E-commerce leaders take note: If you want to force your customers to do anything via your terms and conditions, you need to give the T&C its own checkbox. So help me, that is the edict just handed down by the U.S. Court of Appeals for the Seventh Circuit. The specific ruling involved getting customers of TransUnion to waive their right to sue, but attorneys watching the case point out that it could apply to almost anything. Want customers to sign over their salary direct deposits to you? No problem, as long as it’s in your T&C and, critically, it has its very own checkbox.
Before we delve into this legally correct but logically bankrupt ruling, some quick background. The current law of the land involving the broader issue of forcing consumers to accept arbitration instead of allowing them to sue in civil court is a case from five years ago called AT&T Mobility v. Concepcion, referred to by lawyers simply as Concepcion. In that 5-4 decision, the U.S. Supreme Court ruled that companies had the right to mandate arbitration simply by mentioning it somewhere in a T&C document, one as long as they liked.

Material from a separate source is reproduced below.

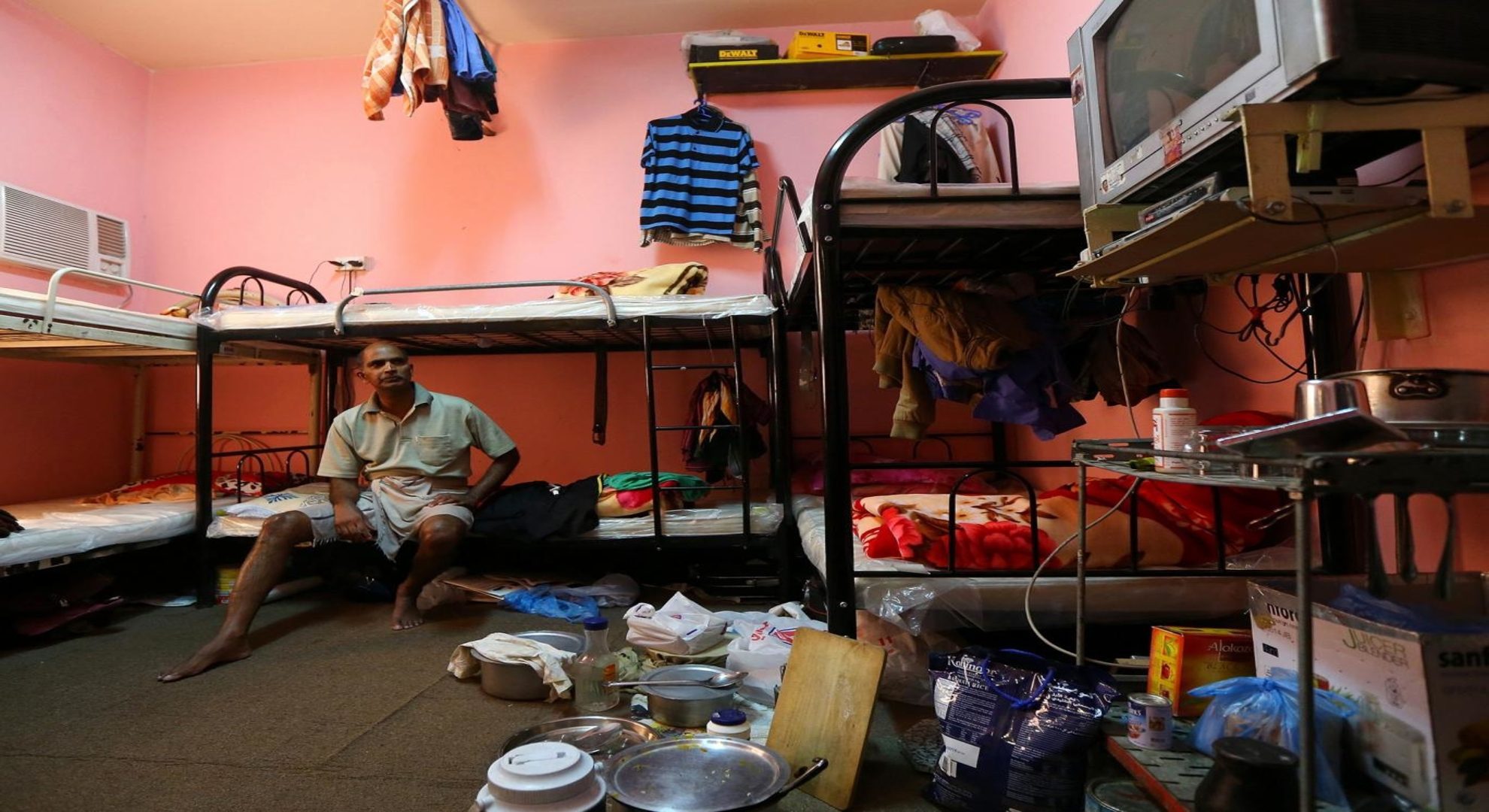Migrant workers in Gulf region face heightened risk amid COVID-19 outbreak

There are many who argue that arbitration is, generally, a far worse option for consumers than going to civil court. For one thing, the hearings are private and the decisions and transcripts are not publicly available. It’s that risk of public airing of bad practices that is behind so many civil court settlements.
Second, the arbiters are private businesspeople. Whether arbiters, as a group, are more or less qualified to weigh these difficult decisions than appointed or elected judges is certainly debatable. But what is indisputable is that companies hire the arbiters. Although that may not consistently and directly deliver a favorable verdict, the reality is that arbiters who routinely rule against the company are not likely to get hired by companies very often. In short, the process of elimination means that the arbiter likely has a history of business-friendly rulings.
What happened with the Seventh Circuit, in a case called Gary W. Sgouros v. TransUnion, is where this gets interesting and has immediate implications for e-commerce today. In that case, TransUnion did indeed list mandatory arbitration in its T&C. Where it dropped the ball, according to the Seventh Circuit, is in some Web design minutia.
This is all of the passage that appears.